For the first time in ten years, the Met is mounting Otto Schenk's Arabella, first seen in 1983. This is one of the Met's classic Strauss productions, more of a piece with Nathaniel Merrill’s Der Rosenkavalier than Herbert Wernicke’s stunning Die Frau ohne Schatten.
Schenk’s Arabella is predictably opulent, fully “period,” almost entirely cast in muddy greens and browns, but at least rather pretty. Even given the Met’s storage technology, it feels its age. The construction of Günter Schneider-Siemssen’s sets is worrying. More than once, the walls shook just a little too much at a slammed door. Our Arabella almost fell foul of what I think was an errant tablecloth. Some of the fabrics now look shabbily worn. In a way, this isn’t inappropriate, given that this is Strauss’s most nostalgic work, and more purely so than the ironic Rosenkavalier or the lost simplicities that Capriccio deals with so subtly. And there is another layer of nostalgia now too, as space and production and work overlap, a longing for a literal and didactic style of opera less accepted now that time has moved on, even in New York.
Stage director Stephen Pickover has done a fine job coordinating what, in Met terms, is an uncommonly European cast.
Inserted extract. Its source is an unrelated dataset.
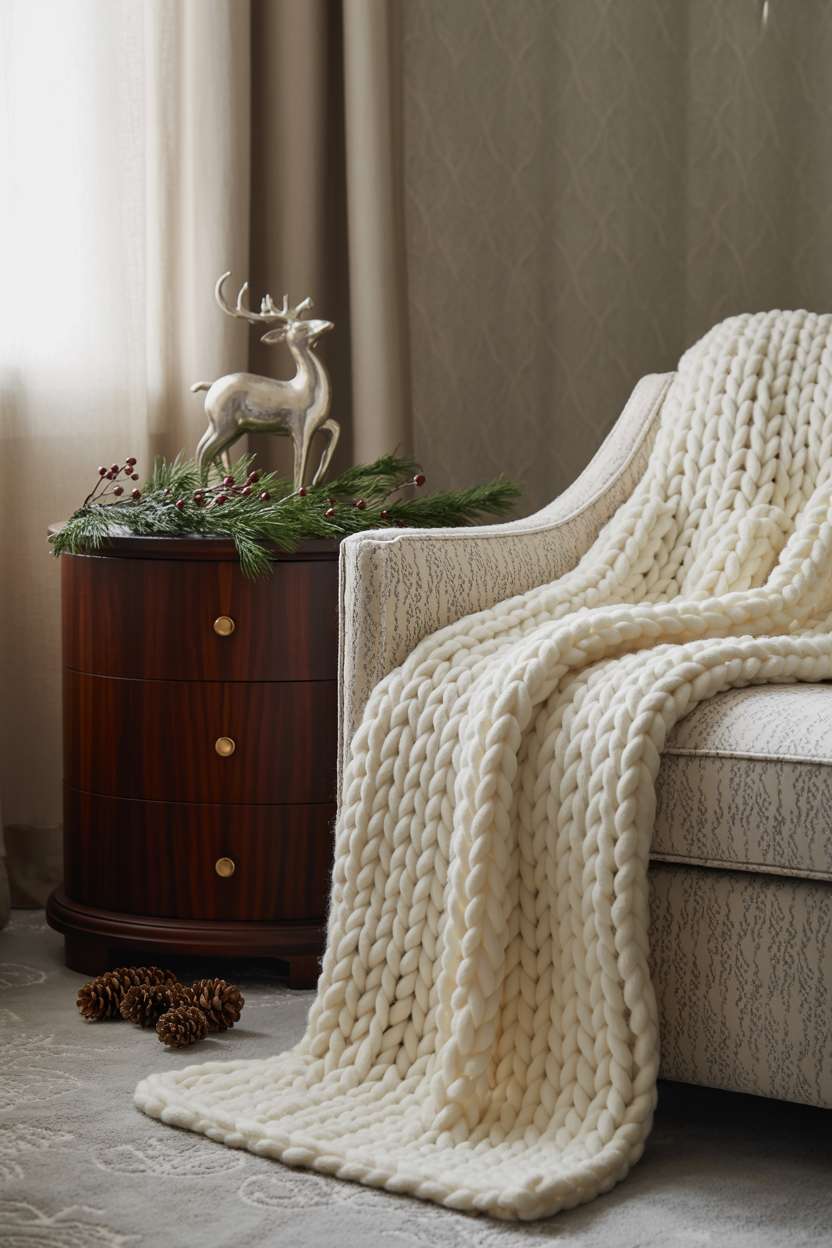 22 Cozy Christmas Bedroom Decor Ideas You'll Love 4 Cream-draped armchair beside dark mahogany nightstand with evergreen berries and silver reindeer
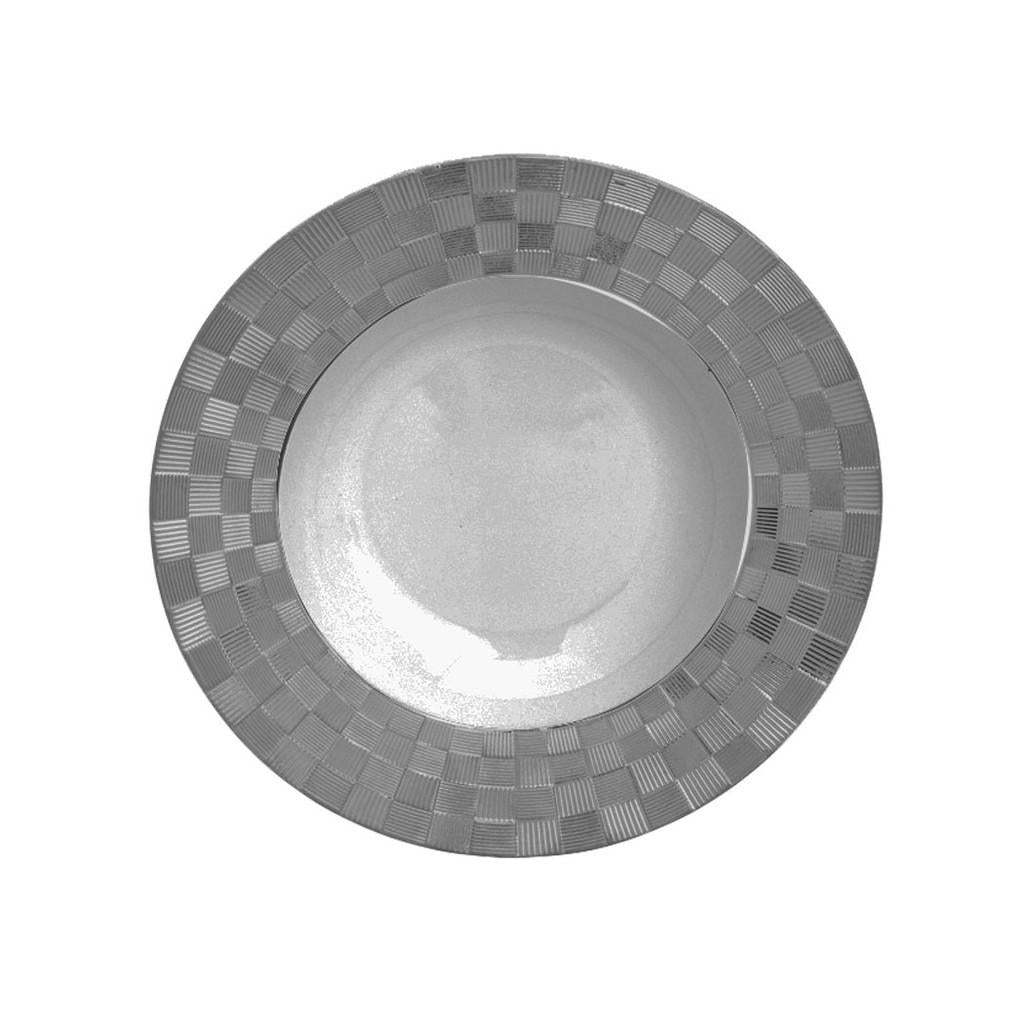Conjunto com 6 pratos fundos porcelana super white Vera silver 22x4cm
The story is one of Hofmannsthal’s glorious messes, but the bottom line is that, like Così, all ends well in the end. Arabella and the rural lord Mandryka resolve to marry, as do Zdenka (Arabella’s sister, forced to live as “Zdenko”, a boy, as the family is on the financial slide) and an officer, Matteo (who has fallen in love with Arabella through letters mostly written by Zdenka, and who mistakenly sleeps with her rather than Arabella at the start of act three).
It helps Pickover that he has some principals who are able genuinely to act, and a cast that can play a comedy without turning it into the slapstick that would miss the heart of this work. That enables links to emerge with Così and Figaro, other comedies whose humour barely masks class conflict and tense renegotiations of sexual roles. In general, though, the real heart of the work was far too much left to the imagination. One didn’t get a sense that Arabella is supposed to be seen as pure and virtuous until the very last moments, as she descends stairs in the foyer of her hotel, clad all in white and lit in a luminous haze. Partly this was a result of Malin Byström’s flat, two-dimensional portrayal: there was almost no sense, here, of a psychological grappling, of a trajectory that allows her to go from frolicking in a sleigh to very earnestly falling in love. She just seems bought off by Mandryka’s promise of cash. Byström sang, though, with the porcelain tones of Strauss sopranos of old, if not the tortured, veiled dignity.